Skip to main content Skip to search
Blog

How to Defend Against Amplified Reflection DDoS Attacks

What are Amplified Reflection DDoS Attacks?

Amplified reflection attacks are a type of DDoS attack that exploits the connectionless nature of UDPs with spoofed requests to misconfigured open servers on the internet. Amplified reflection attacks take the prize when it comes to the size of the attack.

The attack sends a volume of small requests with the spoofed victim’s IP address to accessible servers. The servers reply with large amplified responses to the unwitting victim. The servers can do this because they are configured with services that the attackers sought out for their ability to aid in this attack.

This video below from nat0 provides a short introduction to this type of DDoS attack. This article provides a more detailed explanation of amplified reflective UDP-based attacks.

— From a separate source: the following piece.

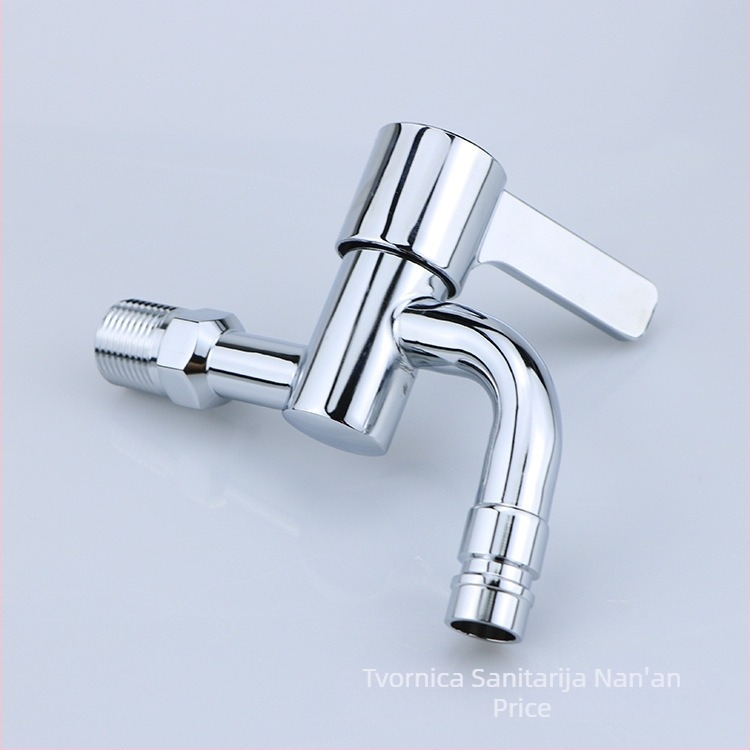 Slavina za perilicu rublja, nehrđajući čelik s elektroplatnim premazom, brzo otvaranje, S-oblik, bakreno jezgro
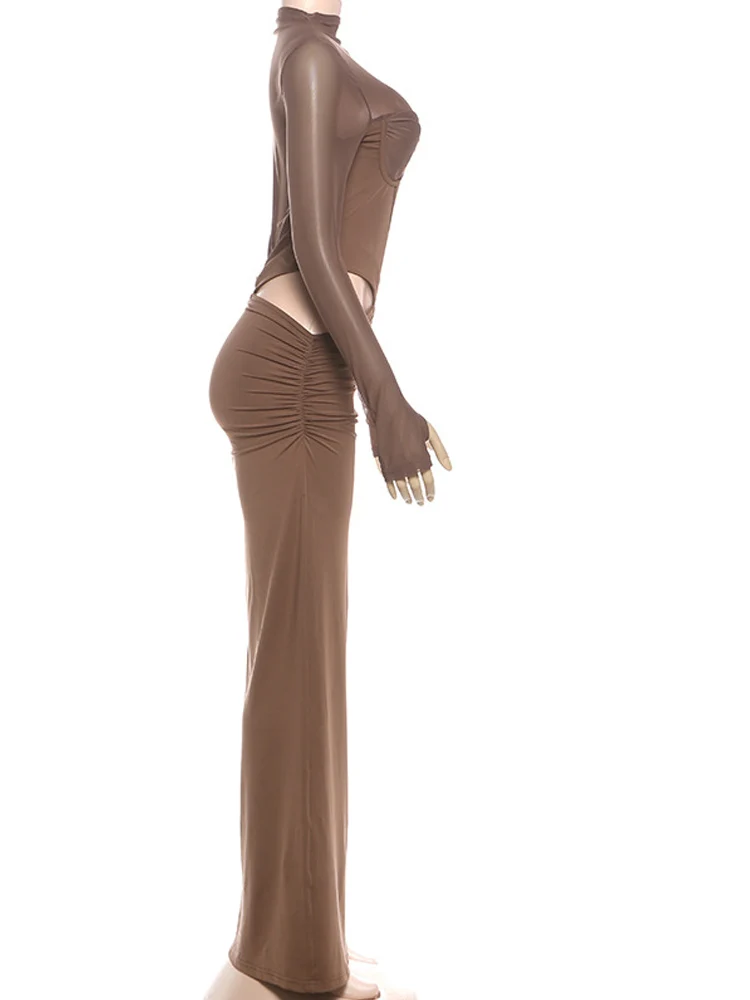 Kricesseen ​ Frauen Solide Mock Neck Taille Ausschnitt Geraffte, Figurbetontes Kleid Herbst Langarm Aushöhlen Party Kleid Nacht Aus Tragen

The most common types of these attacks can use millions of exposed DNS, NTP, SSDP, SNMP and other UDP-based services. These attacks have resulted in record-breaking colossal volumetric attacks, such as the 1.3Tbps Memcached-based Github attack, and account for the majority of DDoS attacks. The chart in Figure 1 below shows how nearly 73% of the DDoS attacks during a week in July 2018 have been amp_flood. Here you will find the current attack protocol frequency chart.

Attack Protocol Frequency

Figure 1: Attack Protocol Frequency

Attackers love this strategy because the weapons are persistently available, difficult to attribute to the orchestrator, and require little effort to create huge volumetric attacks using a small pool of bots or a single powerful server.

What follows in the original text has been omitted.